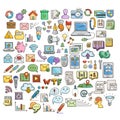 Set of Universal Doodle Icons. Bright Colors and Variety of Topics.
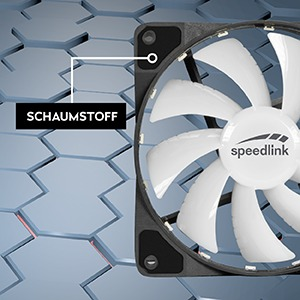 Nahaufnahme eines Computerlüfters mit dem Wort 'SCHAUMSTOFF'.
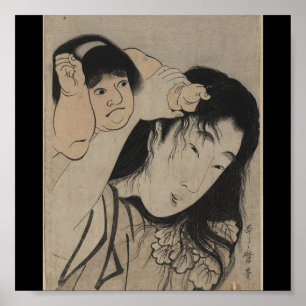 Poster Arte-Utamaro japonesa Kitagawa 4 do Poster-Vintage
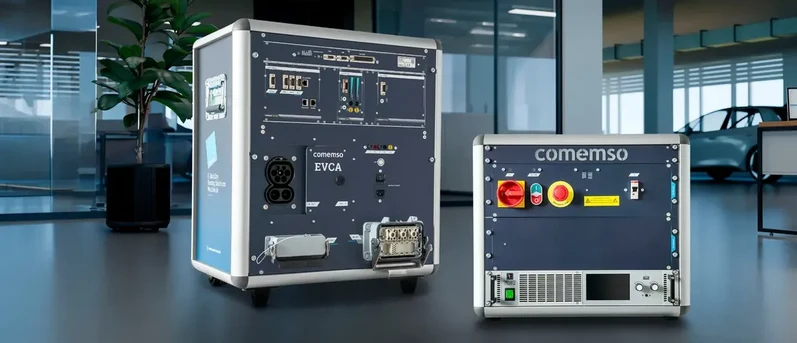 EVCA Multi Mobile and the compact external DC source/load in a laboratory setting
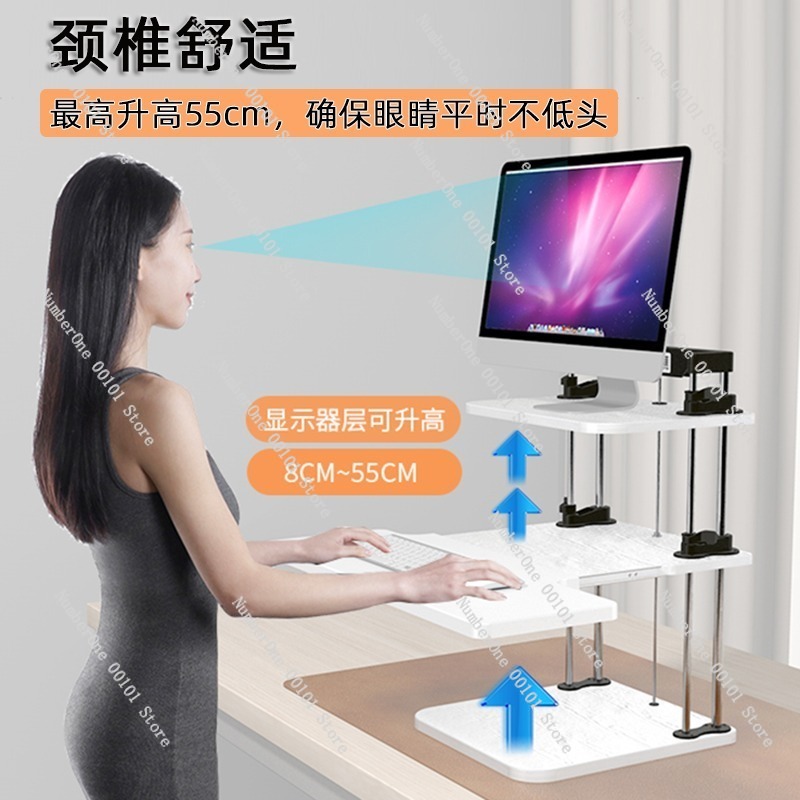 Height-Adjustable Standing Des - đánh giá và giá Desk Setup For Laptop And Monitor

################

• What the task asks:
Before duplicating, set the pictures aside; then output exactly the lines from the one with "EVCA Multi Mobile" through the end of the records, and only those.

• Result:
 EVCA Multi Mobile and the compact external DC source/load in a laboratory setting
 Height-Adjustable Standing Des - đánh giá và giá Desk Setup For Laptop And Monitor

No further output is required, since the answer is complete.